* Activity: In the records below, find the line with "Digitální kuchyňská váha", then copy each line exactly until you have copied the line with "Jan te Wierik, zeefdruk, Jan". Leave any picture out.

Records from a data source:
▽

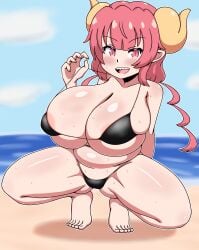 1girls alternate_version_available bikini bikini_bottom bikini_top black_bikini blush cleavage feet female female_only hair high_resolution highres horns huge_breasts ilulu_(dragon_maid) legs miss_kobayashi's_dragon_maid red_eyes red_hair short_hair shortstack solo swimwear thick_thighs thighs wet wet_body winzaku_(asakura)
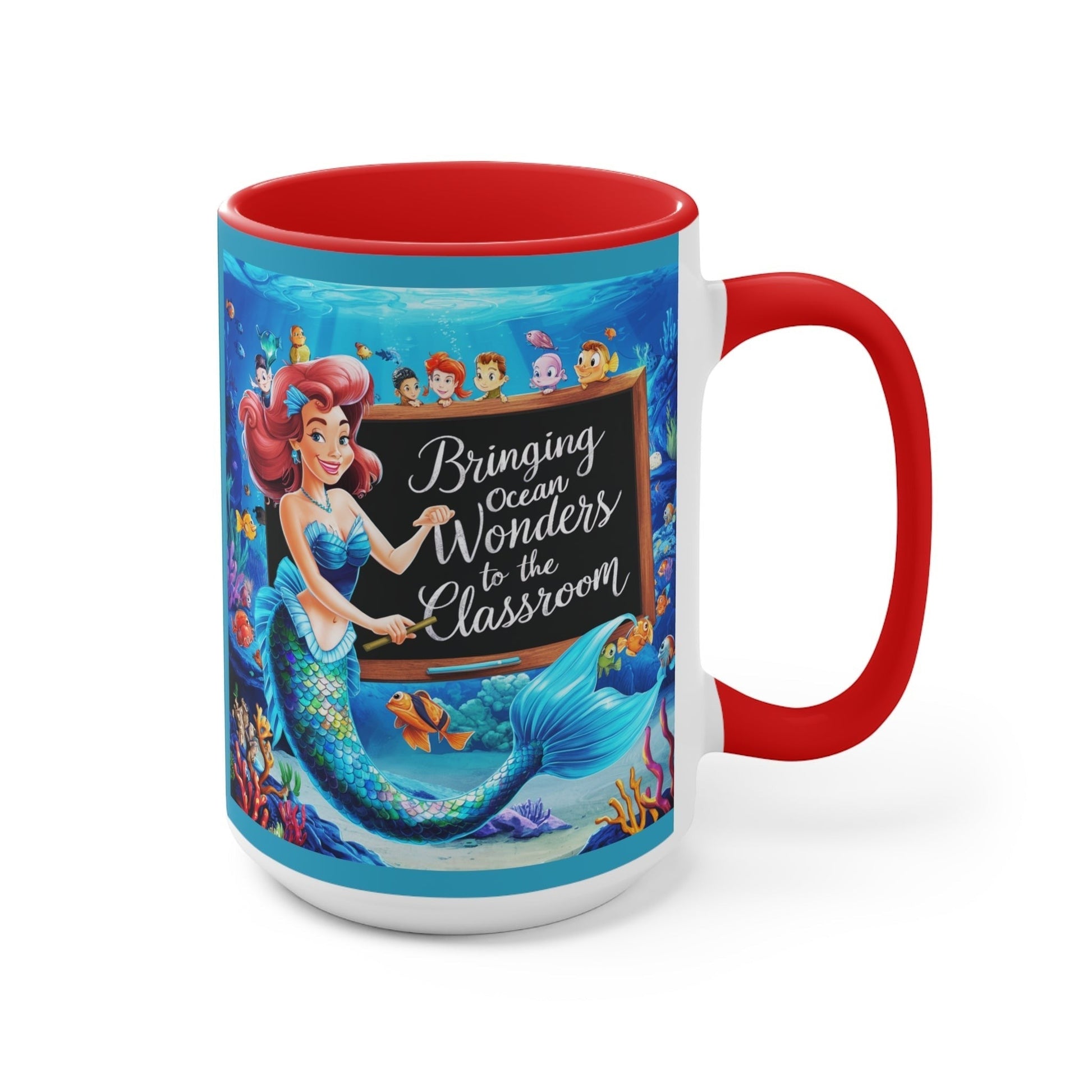 Red ceramic accent mug with mermaid and ocean friends graphic, angled view with handle.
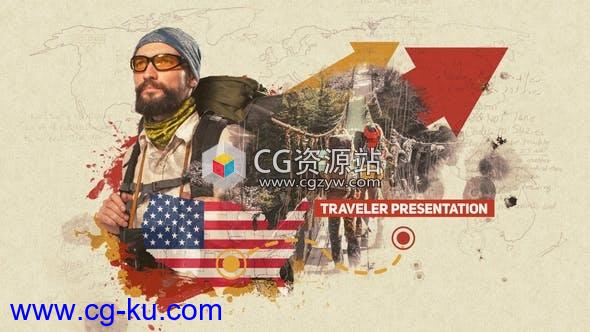 AE模板-旅行者介绍水墨遮罩照片开场 Traveler Presentation的图片1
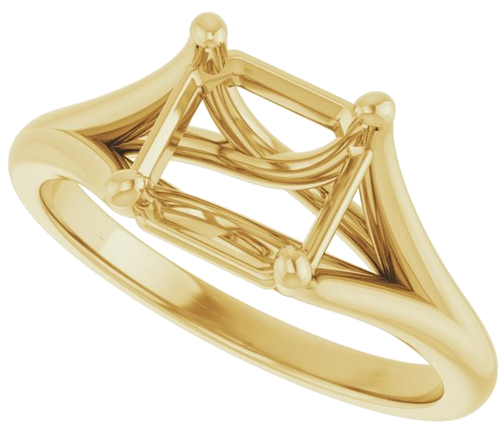 Sužadėtuvių Žiedas „Solitaire“ 14k yellow gold Asscher 7mm (5)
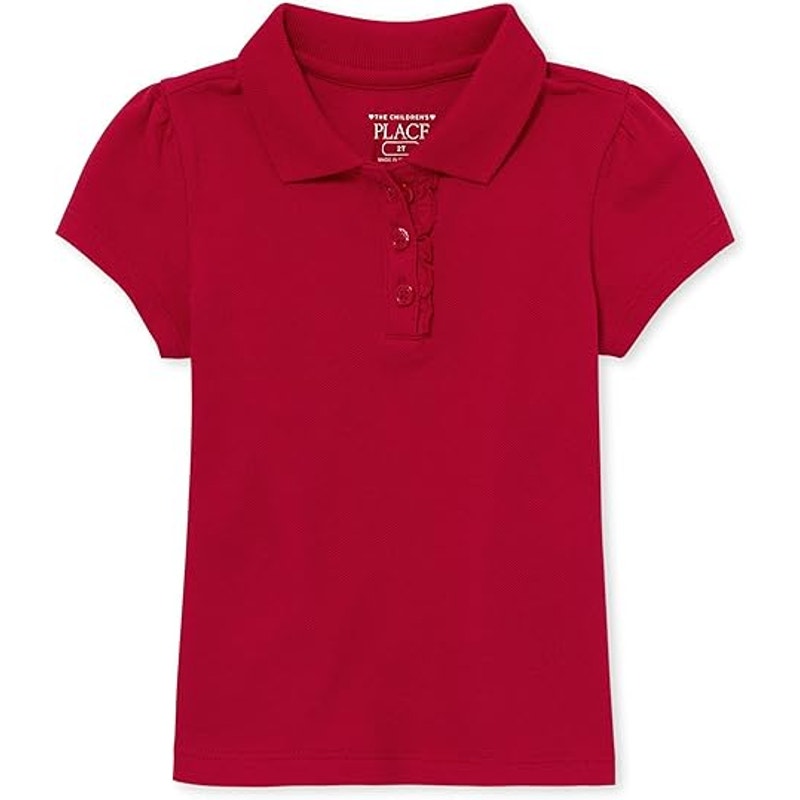 Lot of 2 The Children's Place Girls 4T Red Short Sleeve Ruffle Pique Polo Shirts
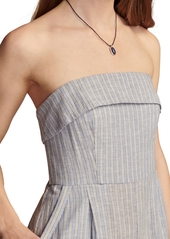 Lucky Brand Women's Striped Strapless Cotton-Linen Cropped Jumpsuit - Blue Jewel Stripe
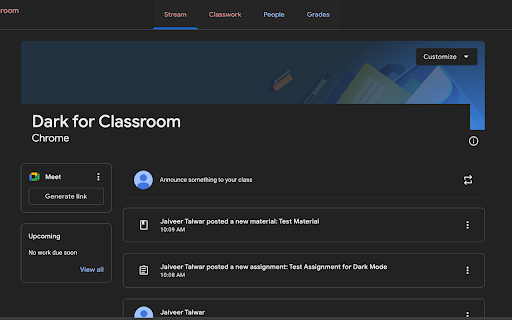 Darkmode for Classroom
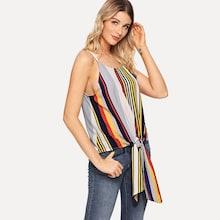 Shein Knot Hem Striped Cami Top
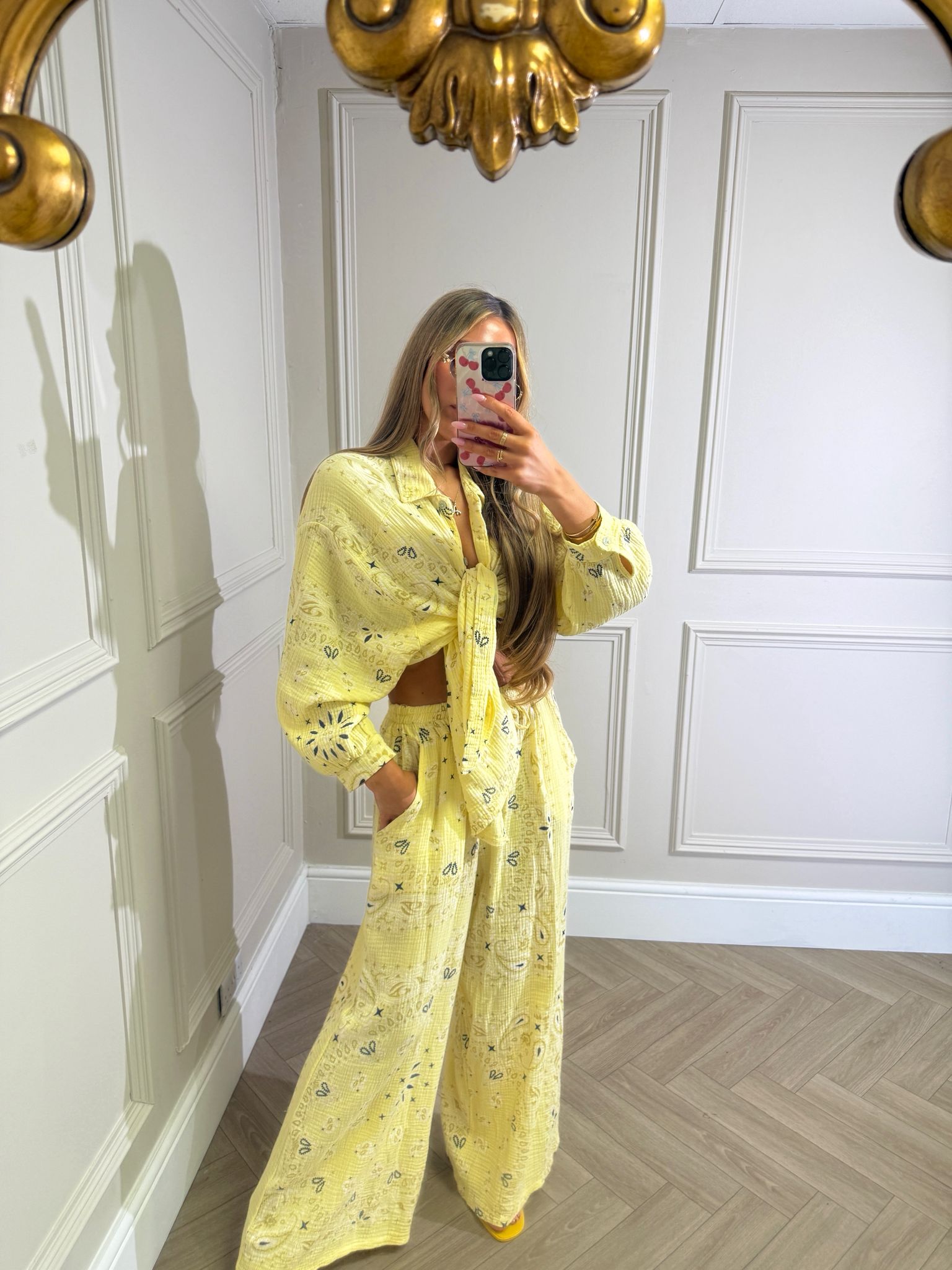 Bandana linen trouser set - yellow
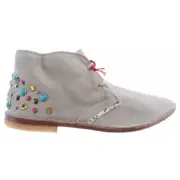 Women's Shoes Desert Boot YAB Clark Suede Grey Coloured Studs Made In Italy New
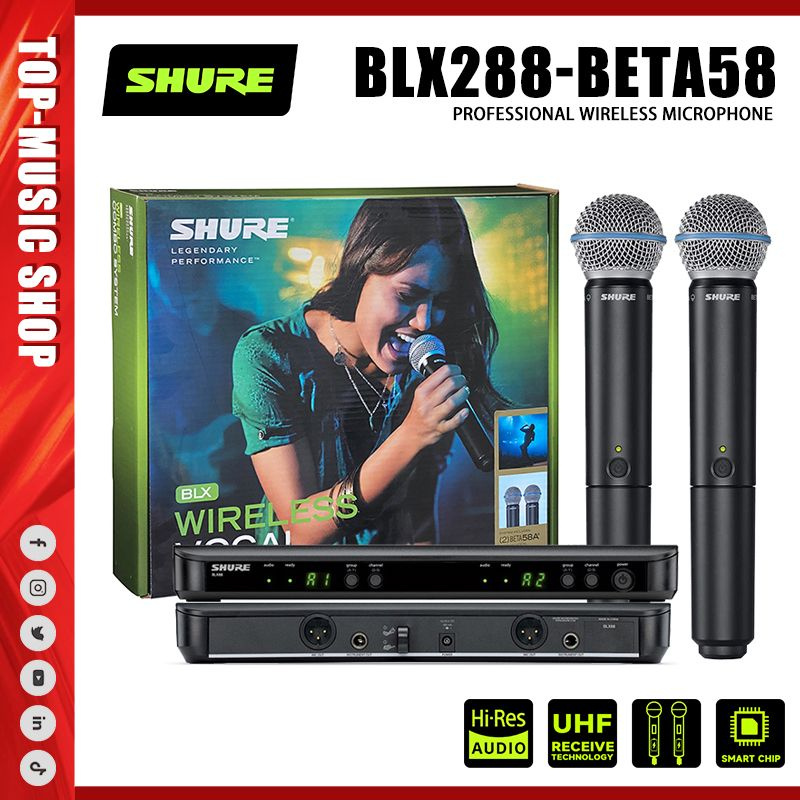 Shure Микрофон универсальный BLX288/SM58, черный матовый #1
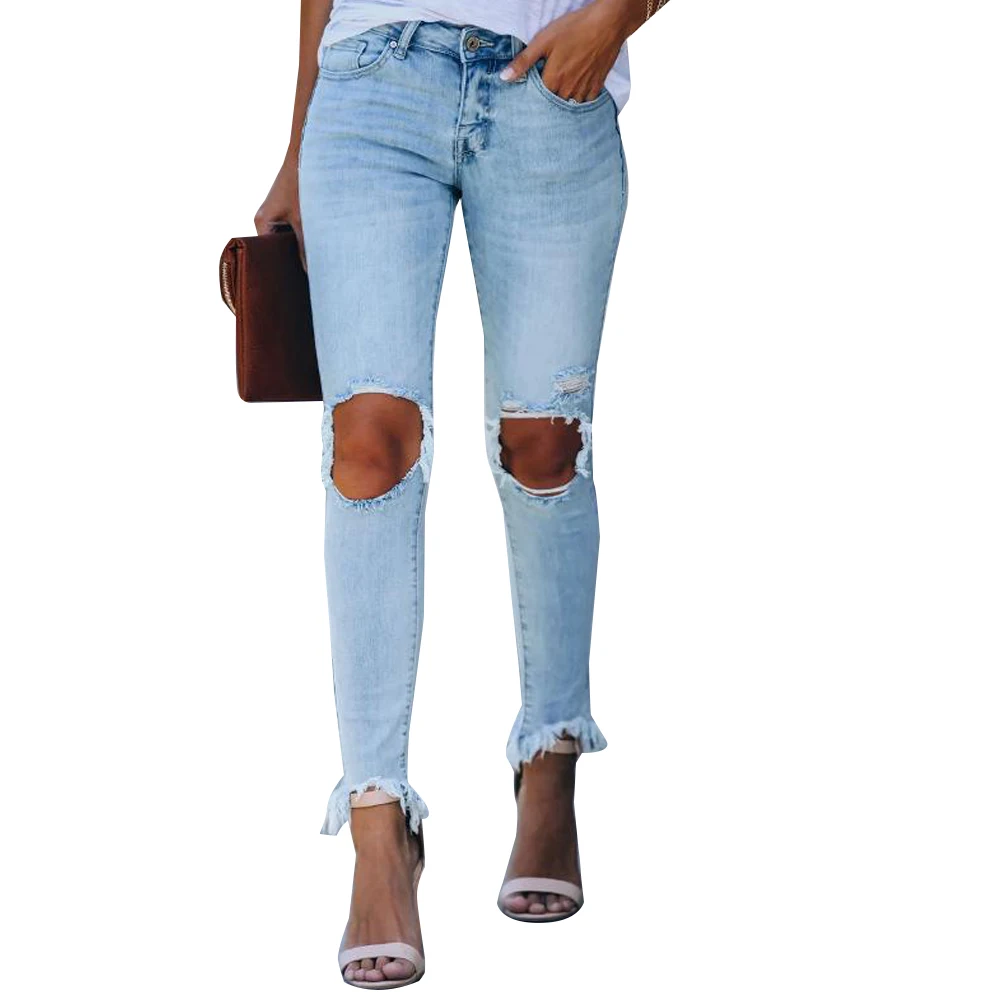 

VICABO Women Jeans Skinny Mid Waist Zipper Fly Slim Trousers Distressed Streetwear Hole Ripped Elegant Lady Denim Long Pants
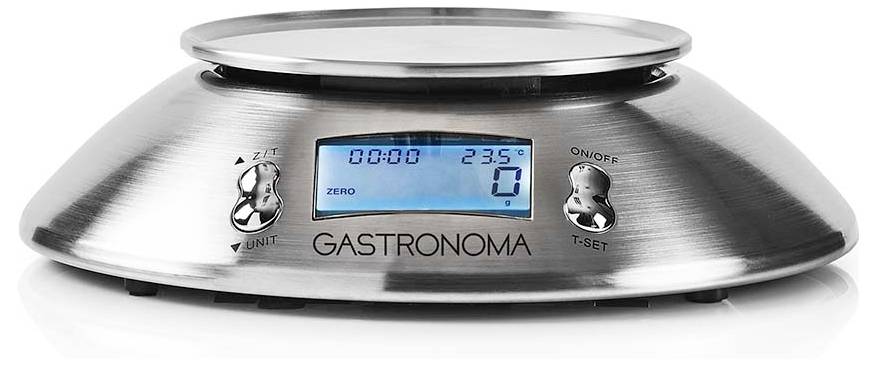 Digitální kuchyňská váha s kulatou nerezovou plošinou. Displej ukazuje '0' a '235g'. Název značky 'Gastronoma' je umístěn pod displejem.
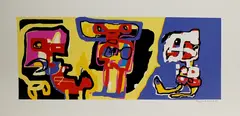 Jan te Wierik, zeefdruk, Jan te Wierik 46/80 (Hengelo 1954 - 2002 Rekken), zeefdruk op papier zeefdruk voor Catalpa 37x92cm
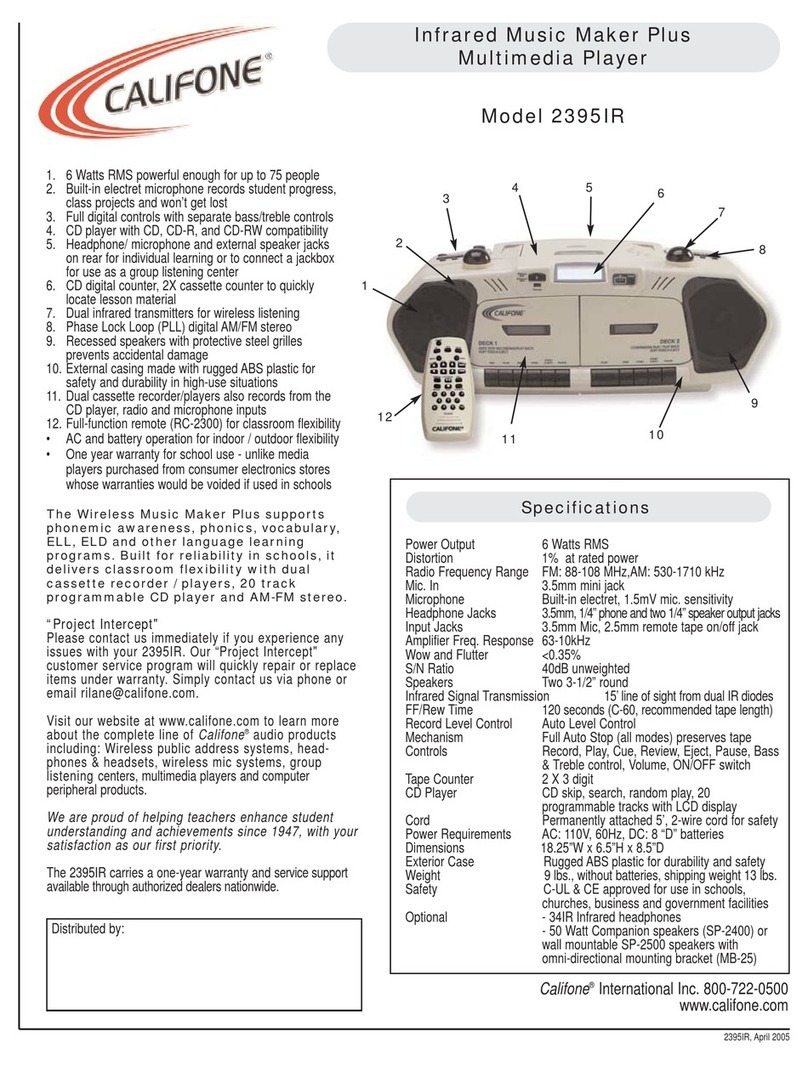 Califone Infrared Music Maker Plus 2395IR Specifications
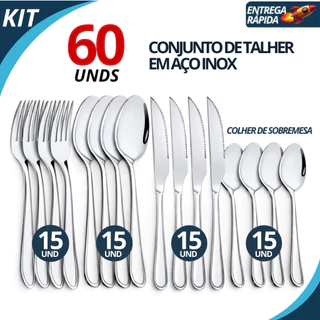 Kit Talheres 24 e 40 e 60 Peças Aço Inox Completo Faqueiro Jogo de Mesa Colheres Garfos Fa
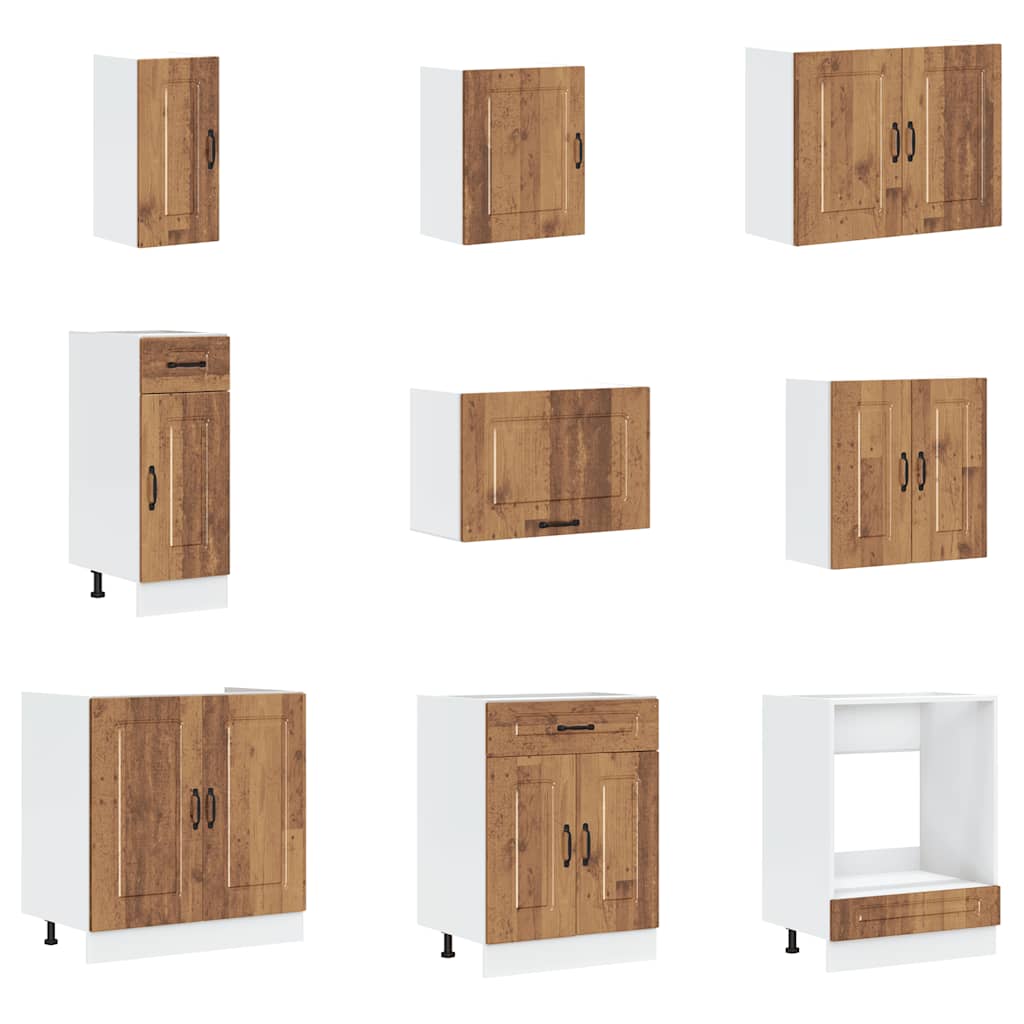 14-piece kitchen cabinet set Kalmar reclaimed wood look wood material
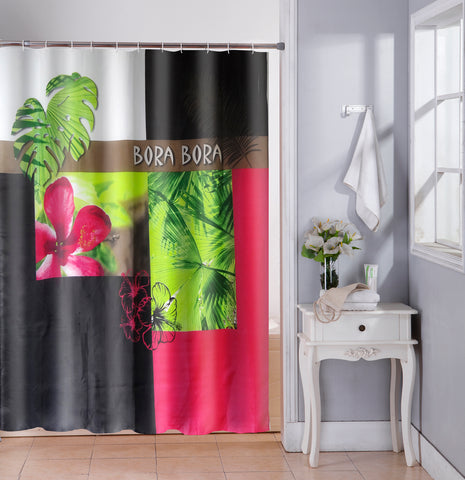 Lushomes shower curtain, Bora Bora Printed, Polyester waterproof 6x6.5 ft with hooks, non-PVC, Non-Plastic, For Washroom, Balcony for Rain, 12 eyelet & 12 Hooks (6 ft W x 6.5 Ft H, Pk of 1)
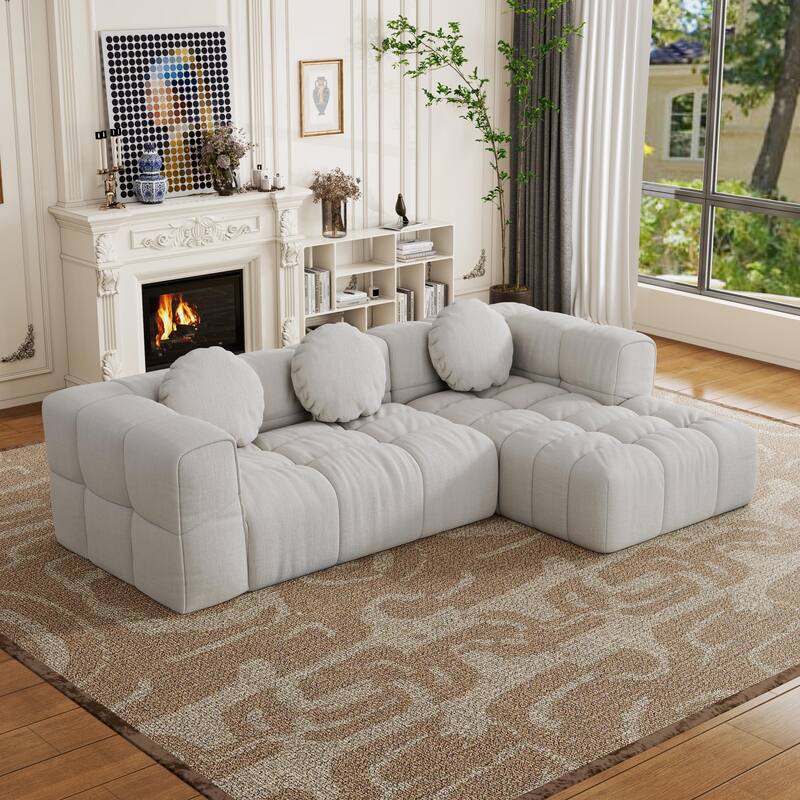 Modern Upholstered 103" L-shaped Combination Sofa Set with 3 Pillows, Off White, Foam+Spring - Multi-Color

△

* Output for this exercise:
 Digitální kuchyňská váha s kulatou nerezovou plošinou. Displej ukazuje '0' a '235g'. Název značky 'Gastronoma' je umístěn pod displejem.
 Jan te Wierik, zeefdruk, Jan te Wierik 46/80 (Hengelo 1954 - 2002 Rekken), zeefdruk op papier zeefdruk voor Catalpa 37x92cm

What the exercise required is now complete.